To do - Print out the data precisely as it appears here, with no pictures.

Given data -
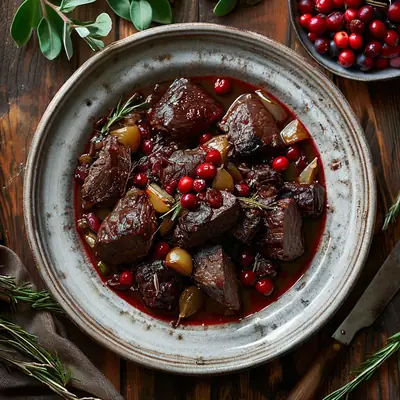 Оленина, тушённая с брусникой, по-саамски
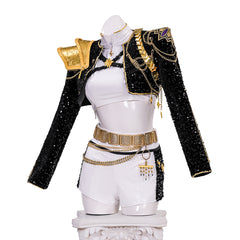 kpop Demon Hunter Girls Rumi Black White Performance Costume - Halloweez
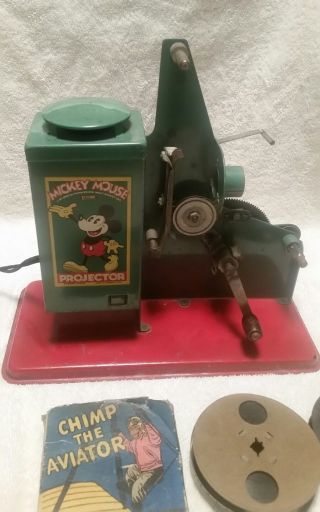 Keystone Mickey Mouse Projector 16mm Hand Crank Elec Bulb Great Clear Graphics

Result of the task -
 Оленина, тушённая с брусникой, по-саамски
 kpop Demon Hunter Girls Rumi Black White Performance Costume - Halloweez
 Keystone Mickey Mouse Projector 16mm Hand Crank Elec Bulb Great Clear Graphics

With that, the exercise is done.